Note: The meshProvider=istio flag tells Flagger to generate Istio VirtualService objects instead of NGINX or Contour configs.

Check the pods:

Bash
kubectl get pods -n istio-system -l app=flagger

You should see one flagger pod in Running state.


Step 3 – Create a Sample Application

Let’s use a simple sockshop demo that ships a frontend service. Deploy it with Helm:

Bash
helm repo add flagger-demo https://flagger.app
helm upgrade -i sockshop flagger-demo/sockshop \
  --namespace=default \
  --set image.tag=v0.1.0

Istio automatically injects sidecars because the namespace has the istio-injection=enabled label (the demo chart sets it). Verify:

Bash
kubectl get pods -l app=frontend -o=jsonpath='{.items[*].metadata.labels}'

You’ll see istio-injection=enabled attached.


Step 4 – Define a Canary CRD

The heart of the automation lives in a Canary custom resource. Here’s a minimal example that rolls out a new frontend image version and validates the 99th‑percentile latency stays under 250 ms.

YAML
apiVersion: flagger.app/v1beta1
kind: Canary
metadata:
  name: frontend
  namespace: default
spec:
  targetRef:
    apiVersion: apps/v1
    kind: Deployment
    name: frontend
  service:
    port: 80
    targetPort: 8080
  analysis:
    interval: 30s
    threshold: 5
    iterations: 10
    metrics:
      - name: request-success-rate
        threshold: 99
        query: |
          sum(rate(istio_requests_total{destination_workload="frontend",response_code=~"2.*"}[1m]))
          /
          sum(rate(istio_requests_total{destination_workload="frontend"}[1m])) * 100
      - name: request-duration-p99
        threshold: 250
        query: |
          histogram_quantile(0.99,
            sum(rate(istio_request_duration_seconds_bucket{destination_workload="frontend"}[1m]))
            by (le))

Save this as frontend-canary.yaml and apply:

Bash
kubectl apply -f frontend-canary.yaml

What happens next?

  1. Flagger creates a new Deployment named frontend-primary (the stable version) and frontend-canary.
  2. Istio VirtualService gets a split: 100 % to frontend-primary.
  3. After the first analysis interval (30 s), Flagger queries Prometheus for the two metrics above.
  4. If both metrics meet the thresholds for 10 iterations (≈5 min), Flagger bumps the traffic to the canary by 10 % each iteration.
  5. If any iteration fails, Flagger rolls back the canary and restores 100 % traffic to the primary.

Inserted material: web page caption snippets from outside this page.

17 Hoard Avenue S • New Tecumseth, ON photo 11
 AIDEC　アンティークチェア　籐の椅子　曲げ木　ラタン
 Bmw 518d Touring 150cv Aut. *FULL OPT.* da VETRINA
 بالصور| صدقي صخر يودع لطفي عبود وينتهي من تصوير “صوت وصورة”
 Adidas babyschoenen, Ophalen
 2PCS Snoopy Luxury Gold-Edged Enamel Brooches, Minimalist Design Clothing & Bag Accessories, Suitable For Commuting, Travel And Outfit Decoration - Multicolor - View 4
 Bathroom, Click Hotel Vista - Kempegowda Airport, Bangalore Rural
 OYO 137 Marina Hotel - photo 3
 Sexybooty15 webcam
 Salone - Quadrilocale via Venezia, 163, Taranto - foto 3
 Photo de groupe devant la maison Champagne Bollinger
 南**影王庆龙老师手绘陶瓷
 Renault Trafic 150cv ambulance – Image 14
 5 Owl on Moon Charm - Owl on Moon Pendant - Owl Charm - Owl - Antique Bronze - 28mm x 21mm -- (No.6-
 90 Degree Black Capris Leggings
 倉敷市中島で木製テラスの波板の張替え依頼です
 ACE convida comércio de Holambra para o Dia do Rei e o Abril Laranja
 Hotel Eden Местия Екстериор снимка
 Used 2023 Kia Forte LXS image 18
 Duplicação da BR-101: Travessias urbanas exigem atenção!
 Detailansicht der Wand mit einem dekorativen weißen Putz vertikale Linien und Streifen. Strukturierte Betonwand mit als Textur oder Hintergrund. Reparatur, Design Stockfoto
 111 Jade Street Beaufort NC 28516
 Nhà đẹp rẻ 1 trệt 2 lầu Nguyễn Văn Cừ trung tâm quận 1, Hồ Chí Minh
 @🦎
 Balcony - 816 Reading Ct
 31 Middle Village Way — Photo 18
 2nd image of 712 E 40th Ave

Step 5 – Trigger a New Release

Update the image tag to simulate a new version:

Bash
helm upgrade sockshop flagger-demo/sockshop \
  --namespace=default \
  --set image.tag=v0.2.0

Flagger detects the change (it watches the frontend Deployment), spins up the canary pods, and starts the traffic shift automatically. You can watch the progress:

Bash
kubectl get canary frontend -n default -w

You’ll see fields like Weight, Status, and Iterations. When the rollout finishes, the Weight becomes 100 and the Status reads Succeeded.


Step 6 – Observe Metrics in Grafana

Istio ships a pre‑configured Grafana dashboard at http://<gateway>/grafana. Import the Flagger Canary dashboard (ID 12407) to see a live view of:

  • Traffic split percentages
  • Request success rate
  • P99 latency

These visual cues help you convince stakeholders that the canary is behaving.


Step 7 – Hook Into Your CI/CD Pipeline

In a real‑world setup you’ll want your CI system (GitHub Actions, GitLab CI, Jenkins) to push the new image and then wait for Flagger to finish. Here’s a concise GitHub Actions snippet:

YAML
jobs:
  deploy:
    runs-on: ubuntu-latest
    steps:
      - uses: actions/checkout@v4
      - name: Set up kubectl
        uses: azure/setup-kubectl@v3
        with:
          version: v1.27
      - name: Deploy image
        run: |
          helm upgrade sockshop ./chart \
            --namespace=default \
            --set image.tag=${{ github.sha }}
      - name: Wait for canary
        run: |
          while true; do
            STATUS=$(kubectl get canary frontend -n default -o jsonpath='{.status.phase}')
            if [[ "$STATUS" == "Succeeded" ]]; then break; fi
            if [[ "$STATUS" == "Failed" ]]; then exit 1; fi
            sleep 15
          done

The loop polls the Canary resource until it reaches Succeeded or Failed. If it fails, the job exits with a non‑zero code, automatically failing the pipeline.


Real‑World Lessons Learned

IssueWhat happenedFix
High latency spikes during canary rolloutPrometheus query returned NaN because the destination_workload label changed after a Helm chart rename.Pin the workload label with istio.io/workloadGroup annotation.
Rollback never triggeredMetric threshold was too lenient (threshold: 0 by mistake).Double‑check the Canary manifest; Flagger logs a warning if a metric is mis‑configured.
Istio sidecar injection missingNamespace lacked istio-injection=enabled.Label the namespace before deploying the app: kubectl label namespace default istio-injection=enabled.
Prometheus scrape timeoutLarge cluster caused query latency > 5 s, Flagger timed out.Increase metricsServer.timeout in Flagger Helm values (--set metricsServer.timeout=10s).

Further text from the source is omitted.